The X post read: “There’s massive potential for growth in new markets — but we’re still seeing really strong growth in existing states. Our 2018-2019 state vintage grew over 80% on the revenue basis year-over-year in Q1. With those numbers, we expect robust growth even without new states opening.”
A similar statement was also published on the DraftKings CEO’s personal LinkedIn account on the same day. Yet, at the time of those posts, the operator hadn’t published its second quarter 2023 financial results, nor had it otherwise publicly disclosed certain information contained in the posts.
Shortly after the posts were published, the public relations firm removed both posts at the request of DraftKings.
Following an SEC investigation, DraftKings was charged with violations of Section 13(a) of the Exchange Act and Regulation FD.
The order stated that even though DraftKings was required by Regulation FD to promptly disclose the information to all investors after it was selectively disclosed to some, the information was not disclosed to the public until seven days later when the operator’s Q2 2023 financials were published.
“Information about growth in sales as a public company can be extremely important to investors,” commented John Dugan, Associate Director for Enforcement in the SEC’s Boston Regional Office.

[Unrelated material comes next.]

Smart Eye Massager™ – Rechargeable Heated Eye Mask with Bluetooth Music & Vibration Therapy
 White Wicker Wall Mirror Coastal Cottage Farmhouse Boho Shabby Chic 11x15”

“It is essential that, when companies disseminate material, nonpublic information, they do so fairly to all investors.”
The SEC added that “while companies can use social media outlets to announce key information in compliance with Regulation FD, investors must first have been alerted about which social media will be used to disseminate such information”.
“Without admitting or denying the order’s findings, DraftKings agreed to cease and desist from future violations of the charged provisions, pay the civil penalty referenced above, and comply with certain undertakings, including required Regulation FD training for employees who have corporate communications responsibilities,” read the SEC’s statement.